## PROBLEM REQUIREMENTS
Only the lines from the line with "スターダムの大学生レスラー・妃南　©Norihiro Hashimoto" through the end of the records belong in your reply, copied exactly, with every picture left out.

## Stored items
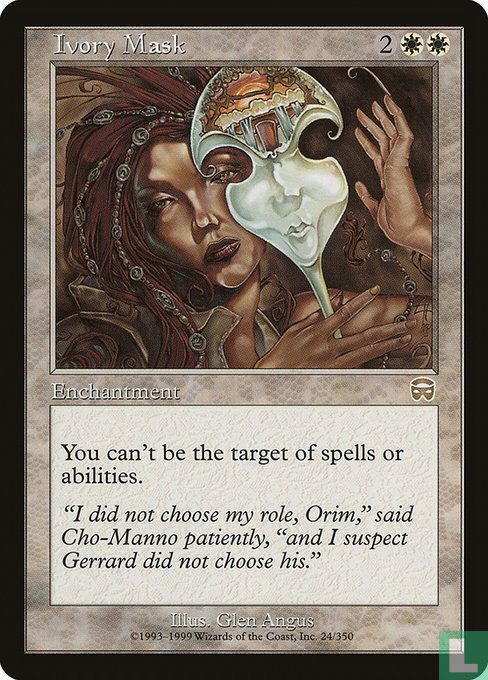 Ivory Mask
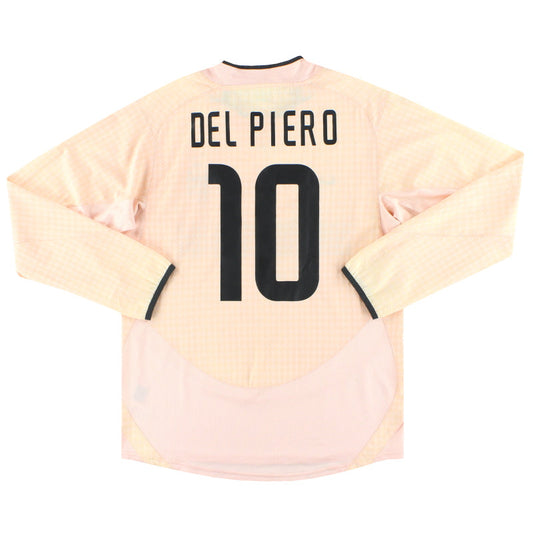 2003-04 Juventus Nike Away Shirt Del Piero #10 L/S M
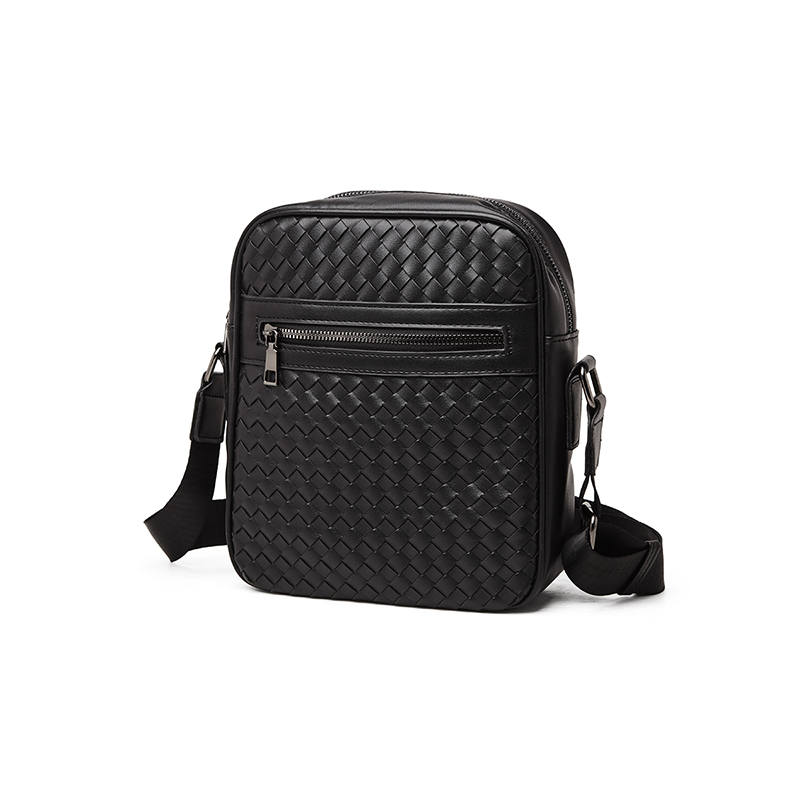 LAORENTOU Synthetic Leather Shoulder Bag, Crossbody Bag Men's Black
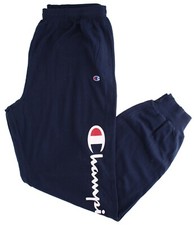 Pantalones deportivos Champion para hombre de jersey grandes y altos clásicos con guión forro de fieltro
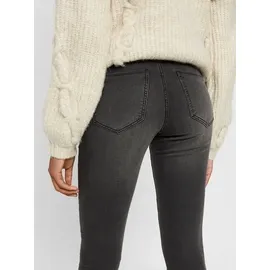 Vero Moda Tanya Normal Waist Slim Piping Jeans Dark Grey Denim S 34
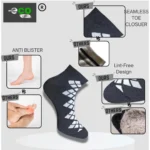 3_Pair Set Unisex Casual Cotton Printed Low Cut Socks (Multicolor) - Image 2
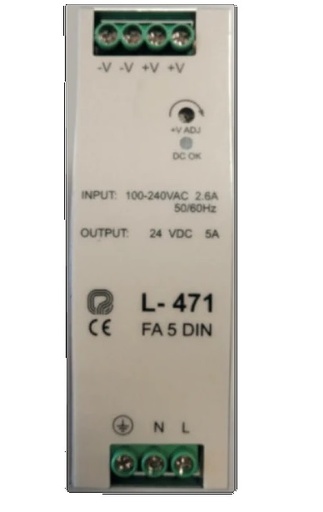 [FA-24-5] FUENTE DE ALIMENTACION ENTRADA 100-240VAC, SALIDA 24VDC 5A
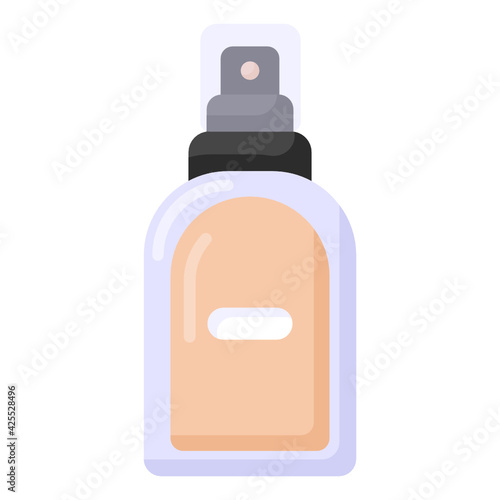 
Modern style icon of face foundation 

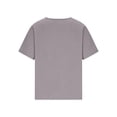thumbnail image 7 of Gauze Shirts for Women Casual Crew Neck Short Sleeve Tops Lightweight Loose Boho Blouses Summer Beach Vacation Outfits Gray L, 7 of 7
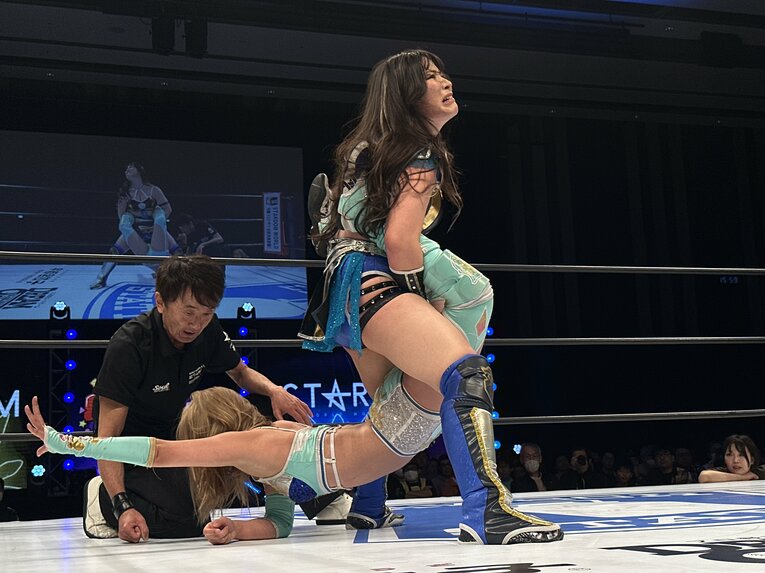 スターダムの大学生レスラー・妃南　©Norihiro Hashimoto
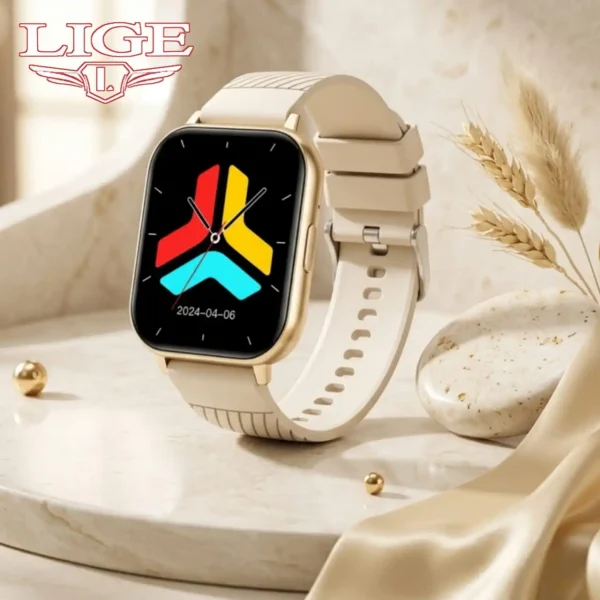 LIGE Alpha Bluetooth Calling Smartwatch with HD Display and Health Tracking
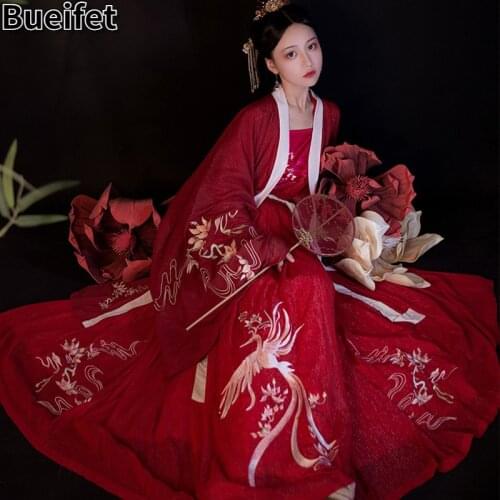 Ancient Noble Red Hanfu Dress Traditional Ancient Dance Costume Tang Suit Princess Suit Fairy Dress Lady Elegance Cosplay Hanfu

## RESULT FOR THIS TASK
 スターダムの大学生レスラー・妃南　©Norihiro Hashimoto
 LIGE Alpha Bluetooth Calling Smartwatch with HD Display and Health Tracking
 Ancient Noble Red Hanfu Dress Traditional Ancient Dance Costume Tang Suit Princess Suit Fairy Dress Lady Elegance Cosplay Hanfu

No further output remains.